Tic-Tac was 9 or 10 months old and he died Friday March 20,2009.He was so sweet. He would always just sit with us and hang out. He loved to lay with us and nuzzle up and go to sleep. I have never met a sweeter Beardie and we will miss him so much.
I feel like I will never get over this loss. I tried so hard to make him better. The week before he was lively as ever and so happy. Then last Thursday he started having seizures. By 3 Friday afternoon he had 6 seizures that I had seen while I was home. It was so painful and ahrd to watch theses and do what I could to comfort him through each one. I remember the last time he looked at me. He looked so scared and lost and sad. I just feel so horrible that I couldnt make them stop and make him better. I love him so much.
Thank you for being concerned. I just feel so guilty because he had a seizure and the next day he had at least 5 while I was home just by 3 in the afternoon so I took him to the vet and they told me what was wrong and I had to euthanize him. I feel very guilty.

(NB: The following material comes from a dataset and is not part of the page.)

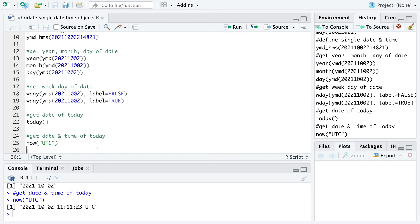I hope I could give you a really simple introduction to the Lubridate package to use date time objects in R. For more content, please leave a like and subscribe. Also drop me a comment if you have other things you want to know. Thanks a lot and have a nice day.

It is very hard. Pretty much all me and my husband do is spend time with all of our lizards and tortoises. But the Bearded dragons are my babies nd this has just ben horrible. Sorry for your loss. I know how hard it can be to go through.
I am so sorry for your loss. But do not feel guilty, do not. It sounds like It happened so fast and you did all that you could. You saved him and you loved him thats what's most important. I don't know if you are religious, but I think God chose you to help him and comfort him through his seizures and make his short life as happy and comfortable as possible. It doesn't seem fair, but it would be more unfair if he went through it alone. You were there for him, and I'm sure he is so thankful, so remember the wonderful memories, and don't let guilt overshadow them. Again, I'm sorry for your loss. It sounds like you have so much love for all your pets.